My Cinema by Marguerite Duras
From Le cinéma que je fais (P.O.L, 2021), edited by François Bovier and Serge Margel, translated by Daniella Shreir, with a foreword by Alice Blackhurst.
My Cinema is a delightfully designed, chronological assemblage of novelist, filmmaker, and film theorist Marguerite Duras’s reflections on her nineteen films completed between 1966 and 1985. Duras’s frequently caustic, sometimes maddening pronouncements offer much insight into her artistic sovereignty & vulnerabilities. A solo maverick of the first order, Duras was DURAS the way Maria Callas was CALLAS. Another Gaze Editions's wonderful 400-plus page publication conveys and salutes this mercurial character of artistic genius, who was "committed to the extremities of the soul," sublimely contemptuous of the profit-motive, and paradoxically worked at creating a cinema "of no hope" that "mercilessly" sought "to destroy the cinema." — Herbert Pföstl, Book Consultant for the New Museum Store.
This collection of reflections by Marguerite Duras (1914–1996) spans her nineteen films made between 1966 and 1985. It includes non-standard press releases, notes to actors, letters to funders, and short essays on themes like ‘mothers’ and ‘witches’. Additionally, it features significant interviews with filmmakers and critics such as Jacques Rivette, Caroline Champetier, and Jean Narboni. Duras transforms these forms into a unique literature where the boundary between word and image blurs, embodying her paradoxical aim to create a cinema that seeks ‘to destroy the cinema’.
Duras’s work is not limited to her own cinematic endeavors but is informed by global preoccupations.
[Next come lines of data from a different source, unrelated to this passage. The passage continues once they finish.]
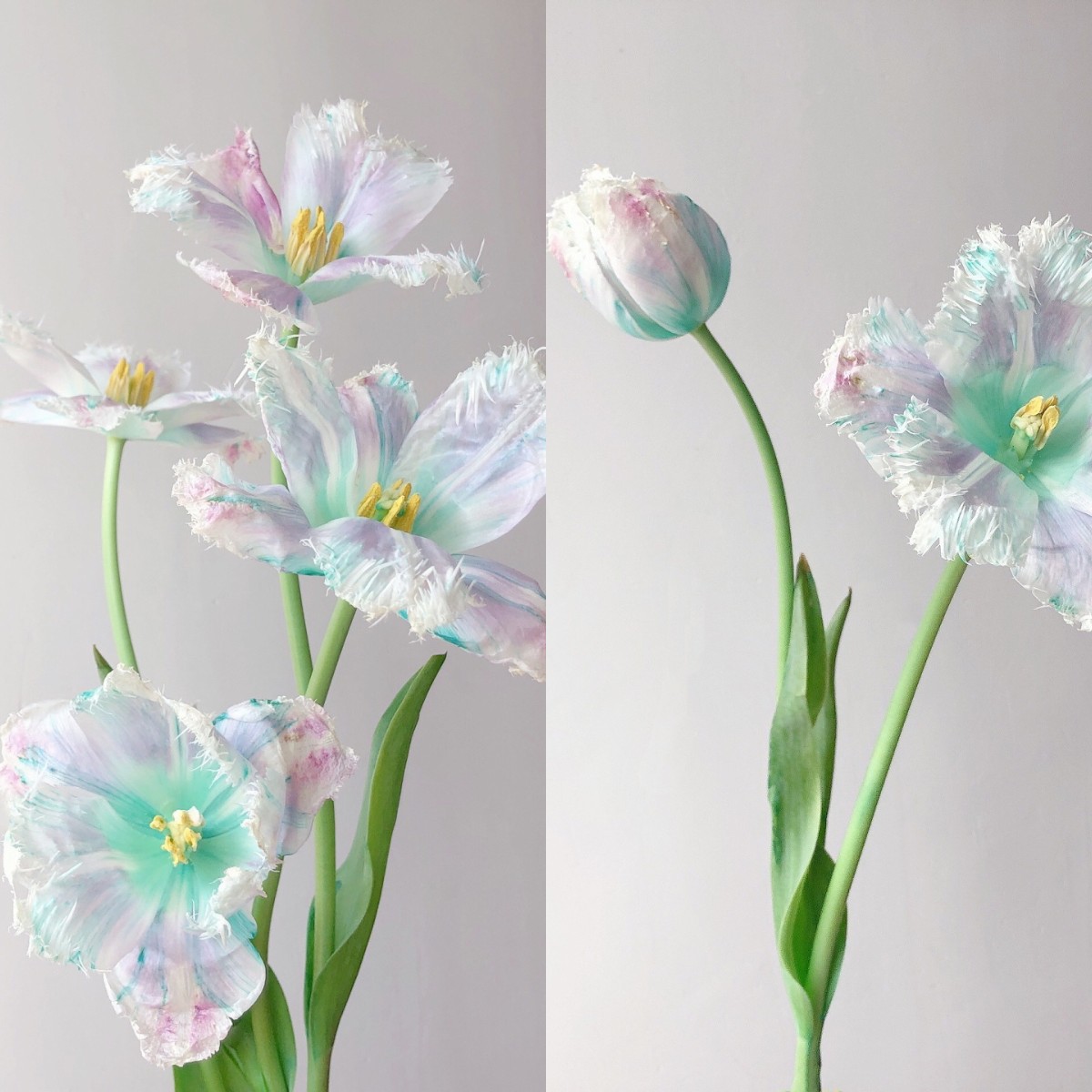 Aurora Tulip - Bonsai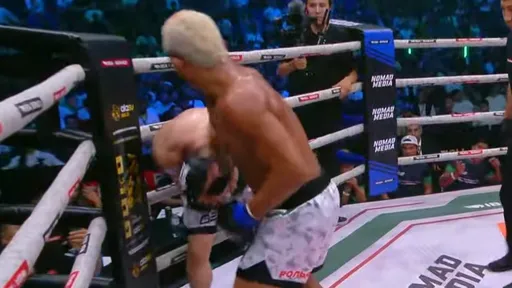 Бывший боец UFC Диего Брандао техническим нокаутом победил Жумана Жумабекова на IBA Nomad 15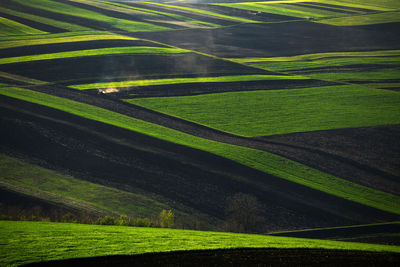 Scenic view of agriculture landscape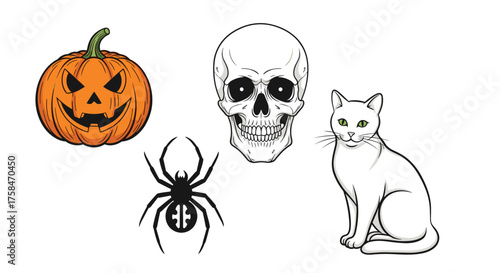 Spooky Halloween symbols like a carved pumpkin skull spider and black cat.
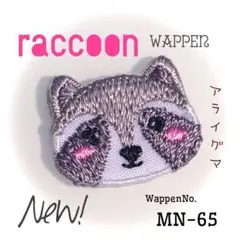 激可愛い❤️New❣️新作✌ハッピー⭐️アライグマ❄ラスカル⚡かわいい✨熊☀ワッペン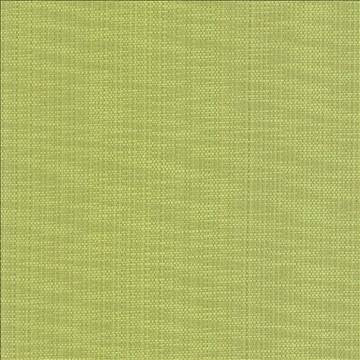 Avino Endive by Kasmir Fabric 5099 64% Cotton 36% Polyester CHINA 50,000 Wyzenbeek Double Rubs H: N/A, V: N/A 55 - Fabric Carolina - Kasmir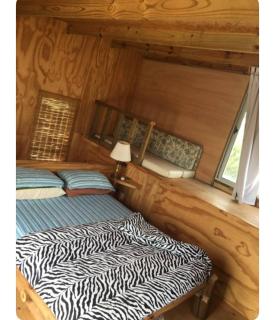 Mis 2 amores díablo - 3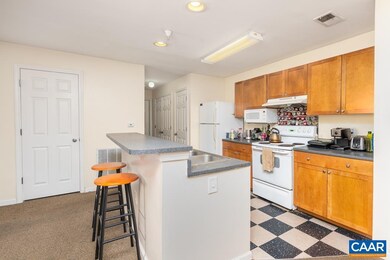 122 Yellowstone Dr unit 108, Charlottesville, VA 22903 - photo 5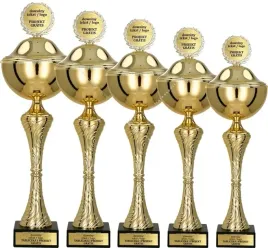 elegancki-zloty-komplet-pucharow-51-48-44-42-39-cm-personalizacja-gratis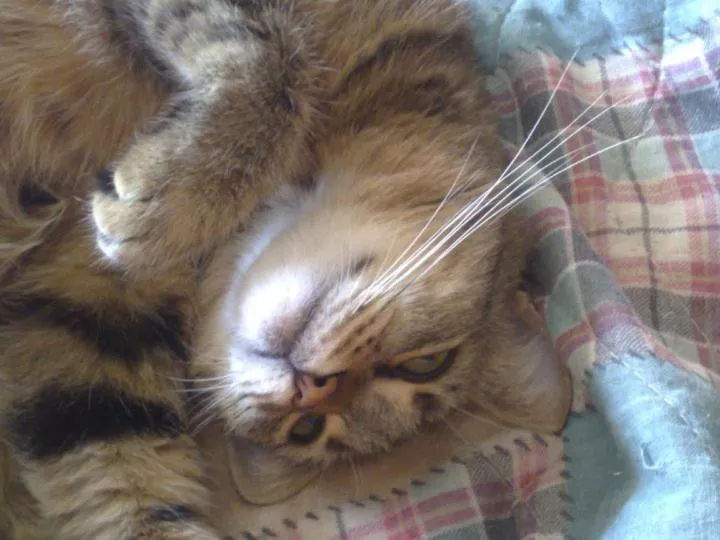 Pets in Bed & Breakfast Bellagio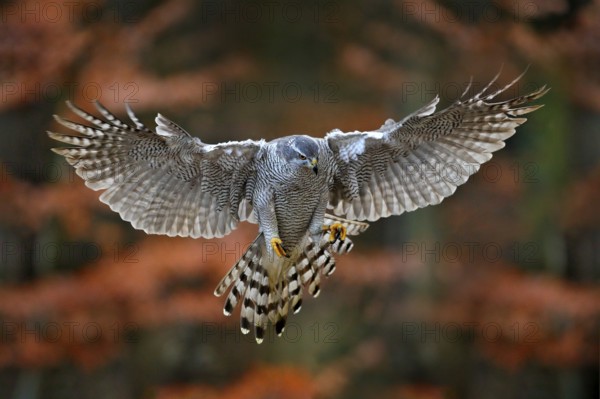 Goshawk flying, bird of prey with open wings with evening sun back light, nature forest habitat, Czech Republic. Wildlife scene from autumn nature. Bird fly landing pn tree trunk in orange vegetation
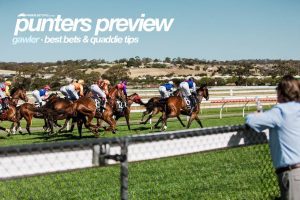 Gawler tips, top odds & quaddie selections | Saturday, January 22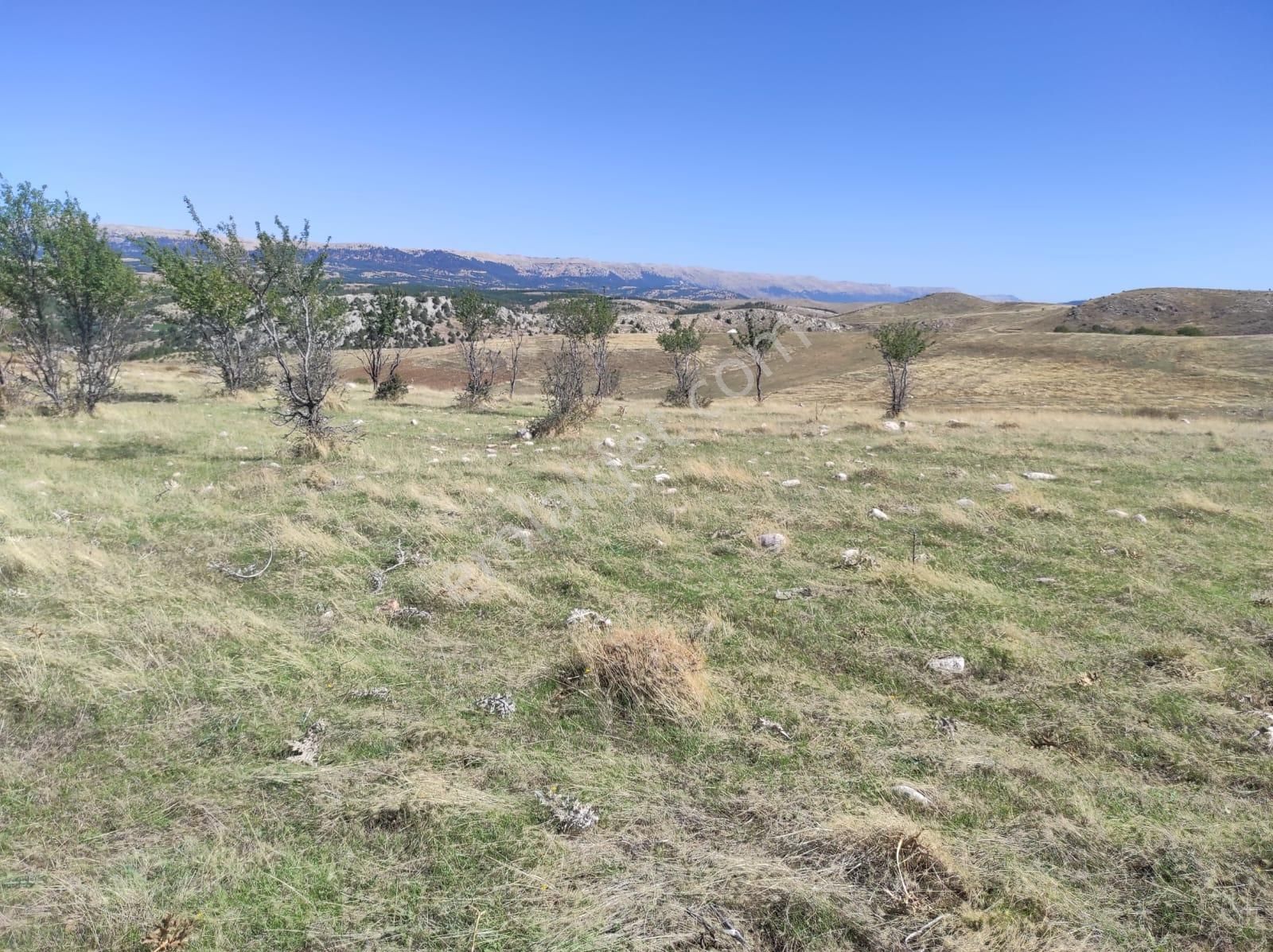 Mersin Erdemli Hacıalanı Nda 6.500 M² Satılık Tarla - Görsel 20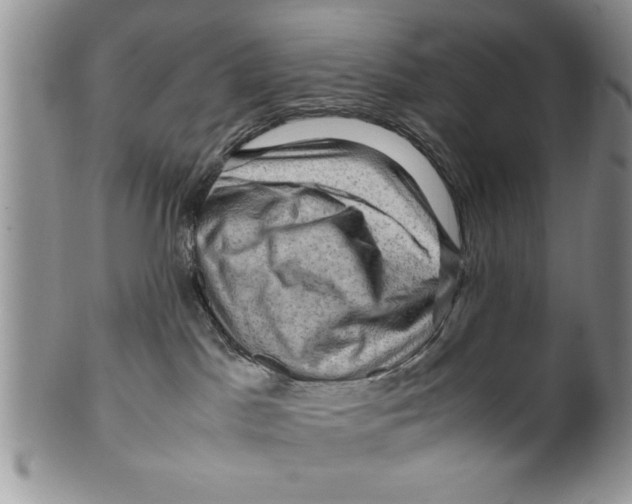 X0000099530045200806131137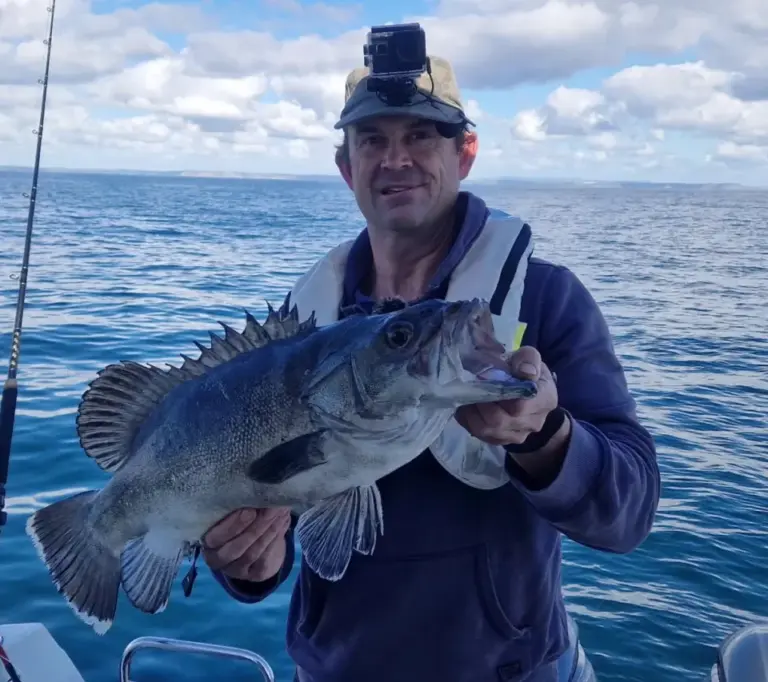 An Incredibly Rare Prehistoric Fish That Gobbles Up Sharks Caught Off UK Coast In A Major Breakthrough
Her encyclopedic associative powers connect readers with diverse subjects like the French Communist Party, hippies, Jews, revolutionary love, madness, and freedom. Her oeuvre, spanning four decades, remains in constant dialogue with contemporary moments and world history, using the audiovisual as a starting point to explore broader themes and ideas.
2023; paperback; 5.35 x 7.95 inches; 405 pages; ISBN: 9781738460908.